Top of Excerpted records

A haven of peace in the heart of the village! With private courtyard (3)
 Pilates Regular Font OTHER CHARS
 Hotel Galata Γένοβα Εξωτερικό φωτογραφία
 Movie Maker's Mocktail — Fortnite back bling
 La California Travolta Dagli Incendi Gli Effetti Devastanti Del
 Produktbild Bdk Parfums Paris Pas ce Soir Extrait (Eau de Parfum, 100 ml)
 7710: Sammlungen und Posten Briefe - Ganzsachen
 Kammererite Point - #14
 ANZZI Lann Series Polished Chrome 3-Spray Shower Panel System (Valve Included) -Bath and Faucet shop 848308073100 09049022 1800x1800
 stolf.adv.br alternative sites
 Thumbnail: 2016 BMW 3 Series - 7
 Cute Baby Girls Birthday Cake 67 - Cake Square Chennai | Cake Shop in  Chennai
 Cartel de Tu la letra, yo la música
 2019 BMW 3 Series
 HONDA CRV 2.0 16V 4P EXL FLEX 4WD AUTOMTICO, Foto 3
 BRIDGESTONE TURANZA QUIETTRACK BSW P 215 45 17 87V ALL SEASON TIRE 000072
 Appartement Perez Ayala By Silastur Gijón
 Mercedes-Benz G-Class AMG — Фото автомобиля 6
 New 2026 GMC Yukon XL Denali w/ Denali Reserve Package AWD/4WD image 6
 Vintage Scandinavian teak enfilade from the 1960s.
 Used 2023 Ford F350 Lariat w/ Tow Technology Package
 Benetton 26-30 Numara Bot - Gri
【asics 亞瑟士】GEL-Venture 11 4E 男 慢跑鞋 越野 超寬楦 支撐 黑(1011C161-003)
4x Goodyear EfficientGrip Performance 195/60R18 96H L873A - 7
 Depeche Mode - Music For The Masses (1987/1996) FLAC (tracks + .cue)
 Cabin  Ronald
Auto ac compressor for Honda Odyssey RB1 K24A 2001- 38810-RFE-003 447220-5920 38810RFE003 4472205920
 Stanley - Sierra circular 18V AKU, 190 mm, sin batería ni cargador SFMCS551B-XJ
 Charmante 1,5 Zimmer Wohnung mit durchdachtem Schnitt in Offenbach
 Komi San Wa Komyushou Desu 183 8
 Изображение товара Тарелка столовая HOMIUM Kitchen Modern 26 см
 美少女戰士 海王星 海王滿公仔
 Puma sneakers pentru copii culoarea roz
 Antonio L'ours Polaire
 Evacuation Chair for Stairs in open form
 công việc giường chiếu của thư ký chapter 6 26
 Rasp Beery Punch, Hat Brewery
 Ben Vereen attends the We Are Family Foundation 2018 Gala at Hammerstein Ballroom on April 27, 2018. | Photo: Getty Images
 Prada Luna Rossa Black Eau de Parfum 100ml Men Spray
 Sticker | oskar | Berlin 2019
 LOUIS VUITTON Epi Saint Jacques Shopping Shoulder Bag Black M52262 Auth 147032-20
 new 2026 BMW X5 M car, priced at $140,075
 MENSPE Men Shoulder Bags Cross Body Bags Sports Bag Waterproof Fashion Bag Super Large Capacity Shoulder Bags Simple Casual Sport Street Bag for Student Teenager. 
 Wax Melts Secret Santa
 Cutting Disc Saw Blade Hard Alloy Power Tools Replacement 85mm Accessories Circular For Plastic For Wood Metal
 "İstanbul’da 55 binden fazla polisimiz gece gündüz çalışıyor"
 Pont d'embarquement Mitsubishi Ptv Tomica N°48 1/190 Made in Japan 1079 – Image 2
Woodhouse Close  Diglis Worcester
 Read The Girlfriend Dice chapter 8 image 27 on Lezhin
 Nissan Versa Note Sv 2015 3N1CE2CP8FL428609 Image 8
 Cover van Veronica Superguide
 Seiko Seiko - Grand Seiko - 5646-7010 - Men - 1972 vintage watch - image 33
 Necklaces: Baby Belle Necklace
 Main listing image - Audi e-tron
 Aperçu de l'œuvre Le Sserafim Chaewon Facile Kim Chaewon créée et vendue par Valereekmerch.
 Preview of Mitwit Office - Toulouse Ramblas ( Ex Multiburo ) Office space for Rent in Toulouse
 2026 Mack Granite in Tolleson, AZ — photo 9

Bottom of Excerpted records

◆ Assigned task ◆
Beginning with the line containing "new 2026 BMW X5 M car, priced at $140,075" in the material above, copy every line exactly until you have copied the line containing "Wax Melts Secret Santa".

◆ Task response ◆
 new 2026 BMW X5 M car, priced at $140,075
 MENSPE Men Shoulder Bags Cross Body Bags Sports Bag Waterproof Fashion Bag Super Large Capacity Shoulder Bags Simple Casual Sport Street Bag for Student Teenager. 
 Wax Melts Secret Santa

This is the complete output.